__Problem requirements__. Print the lines that start the entries and continue through the one holding "Angel Khouri online", please, exactly and with the pictures omitted.

Records from a data source
------------
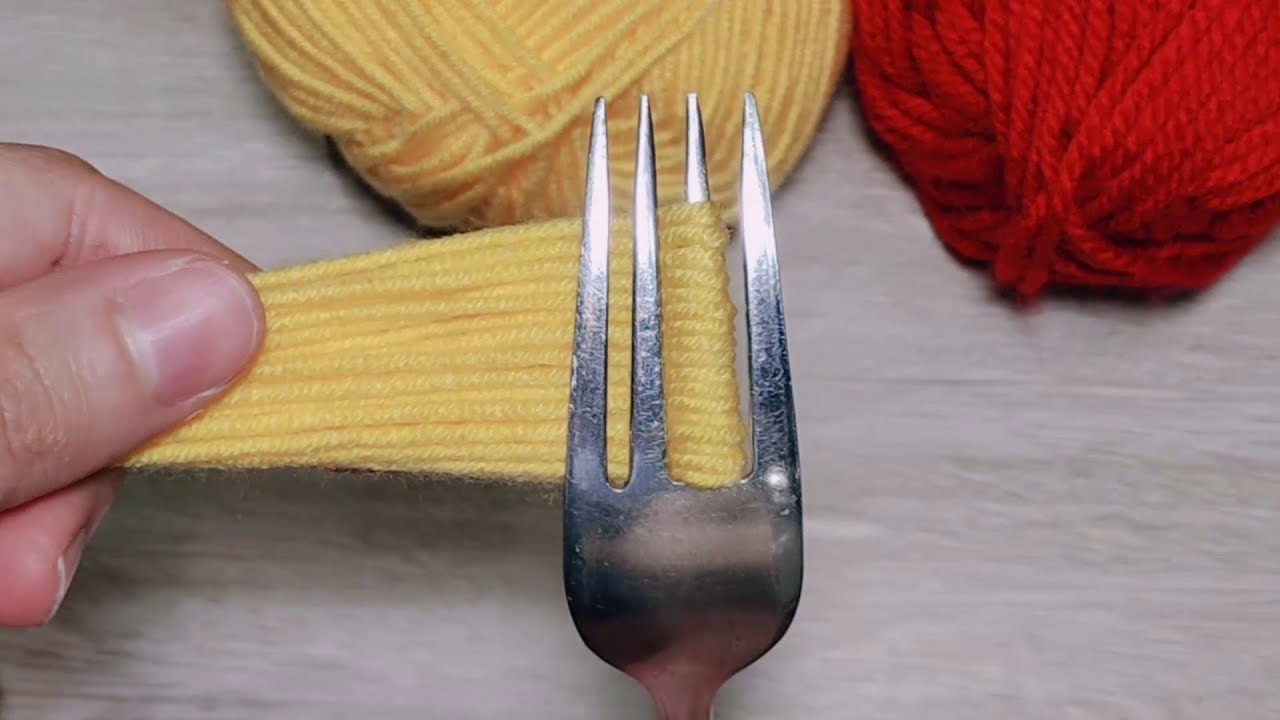 Without crochet needles! A wonderful trick using only a fork and wool thread Wool /thread ideas -DIY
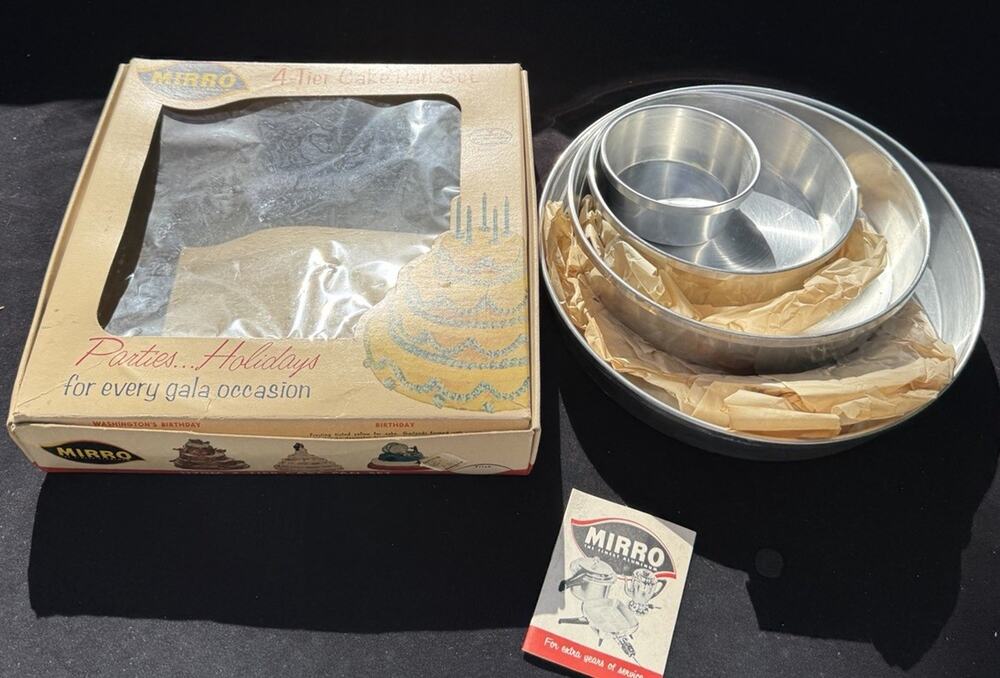 Vintage Mirro 4-Tier Cake Pan Set FT-902 Original Box Mid Century Wedding Cake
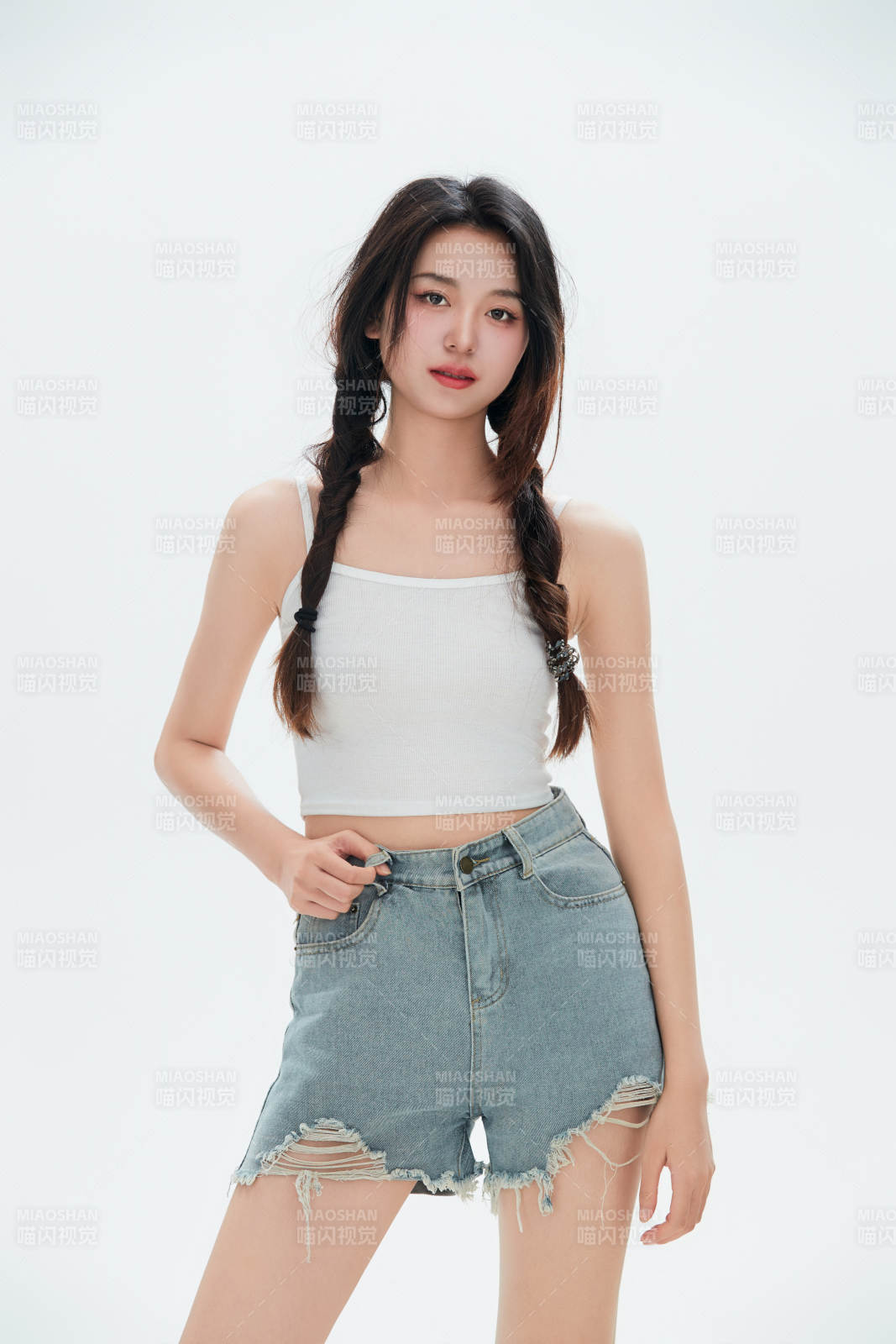 白色背景里的中国女性大学生图片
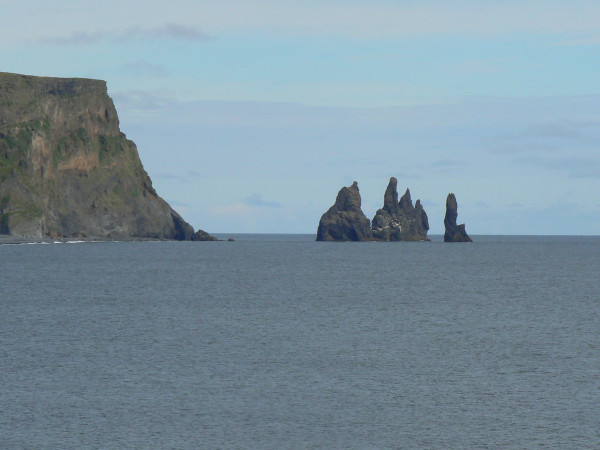 Reynisdranger - Vik.JPG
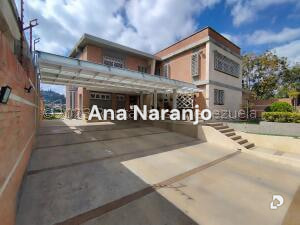 Casa en Prados del Este, Caracas – 1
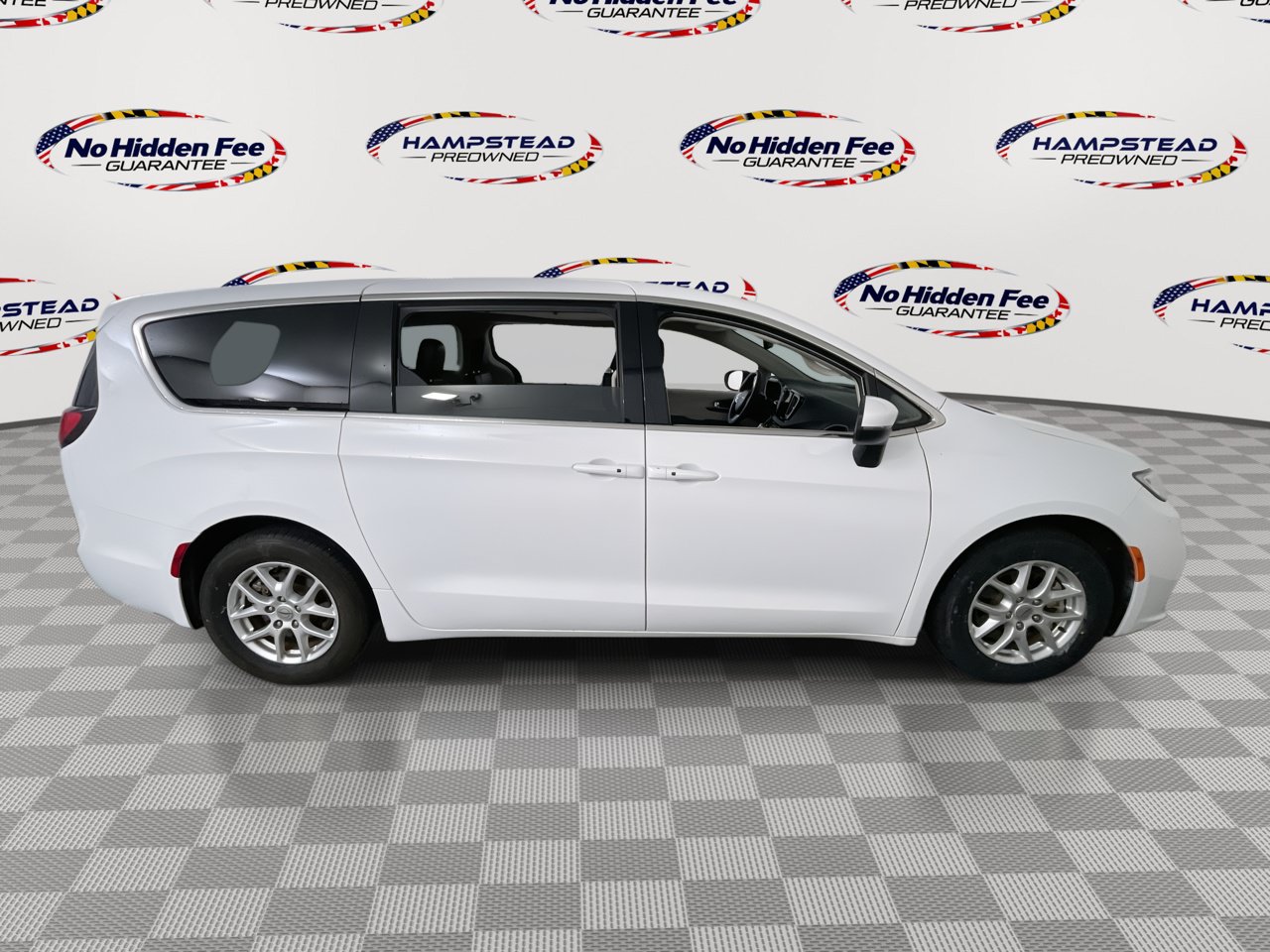 Used 2023 Chrysler Pacifica Touring-L FWD image 10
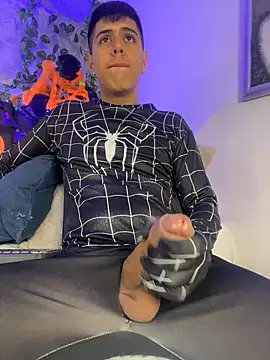 Angel Khouri online show from 10/31/25, 03:51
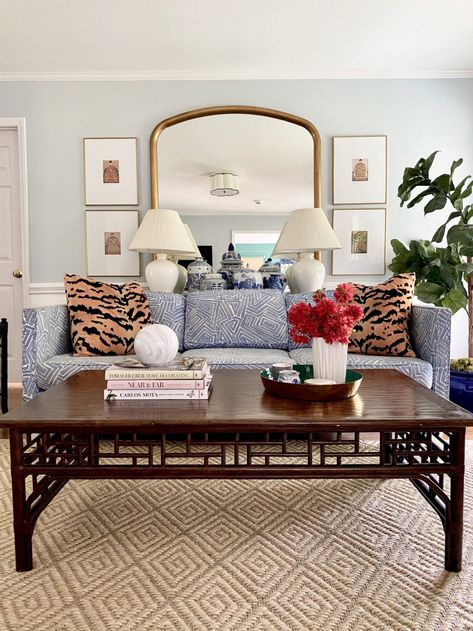 Traditional Home Magazine, Blue And White Decor, Grandmillenial Style, Grand Millennial Style, Rug Dining Room, Traditional Living, Traditional Living Room, Décor Diy, Boho Home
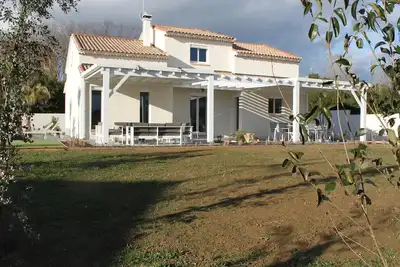 Image de Villa moderne avec piscine privée chauffée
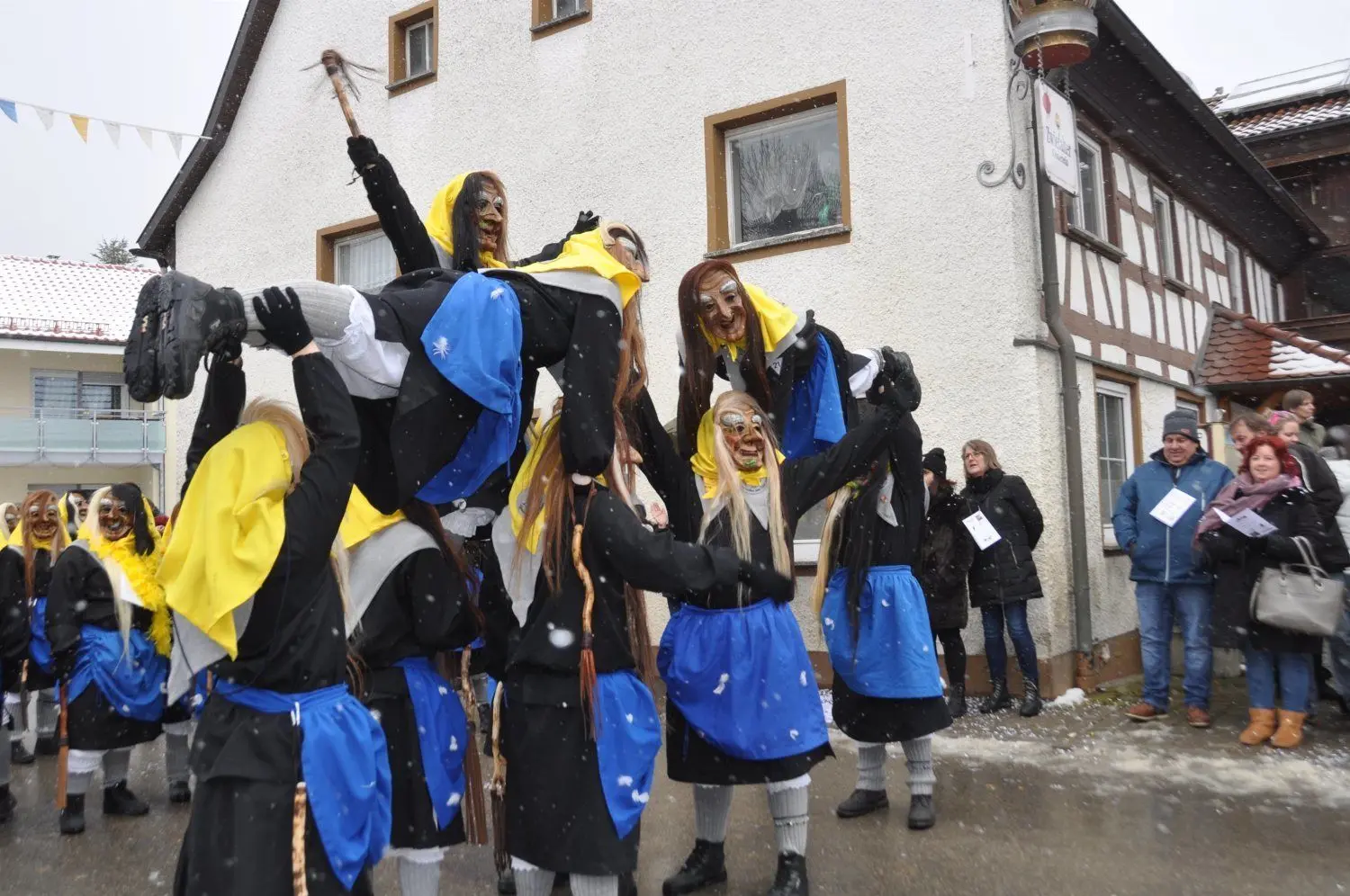 Unbeeindruckt von den Unbilden des Wetters zogen große und kleine Narren durch Lauterach. ⇥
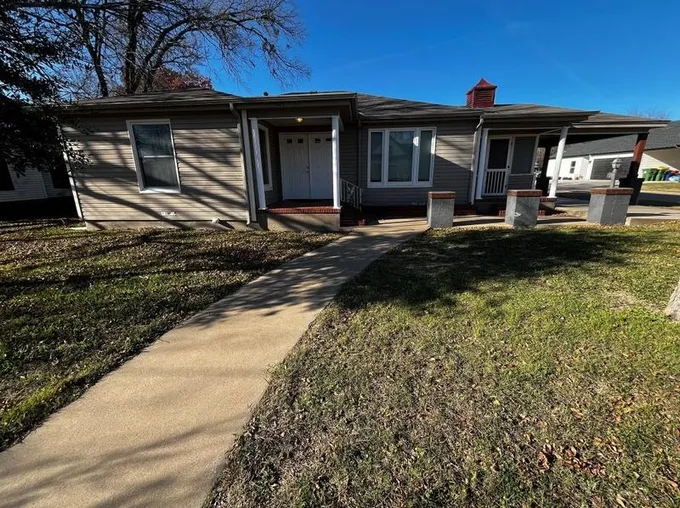 301 Poplar St, Italy, TX 76651 - MLS 20493125 for Rent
------------
__Response__.
 Without crochet needles! A wonderful trick using only a fork and wool thread Wool /thread ideas -DIY
 Vintage Mirro 4-Tier Cake Pan Set FT-902 Original Box Mid Century Wedding Cake
 白色背景里的中国女性大学生图片
 Reynisdranger - Vik.JPG
 Casa en Prados del Este, Caracas – 1
 Used 2023 Chrysler Pacifica Touring-L FWD image 10
 Angel Khouri online show from 10/31/25, 03:51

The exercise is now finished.